The second tedious task would be to write an admin interface with forms to create and edit the entities. Luckily, Symfony2 allows us to create a CRUD (create/read/update/delete) interface automatically with another command. To make things look nicer and more usable, I styled the interface using Twitter Bootstrap.
After a few adjustments like adding validation and ordering the lists, we get an admin interface which is already quite usable. Ready to serve content to the client!
It would, of course, have been possible to store the sale and story data statically, but then it would also have been possible for you to get a sneak peek of the following days in the source code :). So, we decided to serve the JSON needed for the current day from the back end.

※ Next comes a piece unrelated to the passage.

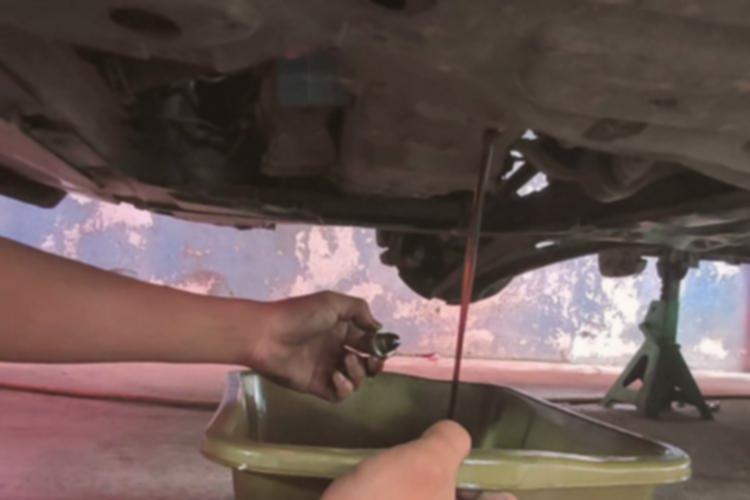 Oli CVT Mobil: Kapan Waktu Terbaik untuk Ganti? [Panduan Lengkap]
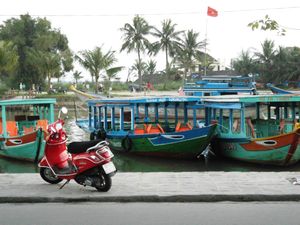 The two main forms of transport in Hoi An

On each request, our Symfony2 app gets the current day and based on that determines which sales and which part of the story should be sent to the client. This is quite easy to achieve by querying the database, assembling the retrieved data into an array, running it through json_encode and sending it back to the client. Done.
Actually, implementing this procedure every time a request comes in is a huge waste of resources. The response is the same for all clients for each individual day. On any given day, it is necessary to generate the response only once, store it in a cache and then reuse that for the rest of the day.
Caching is great, but cache invalidation is one of the two hardest things in computer science. Symfony2 comes with a built-in caching mechanism (modelled after the HTTP cache specification), making it a lot easier to handle.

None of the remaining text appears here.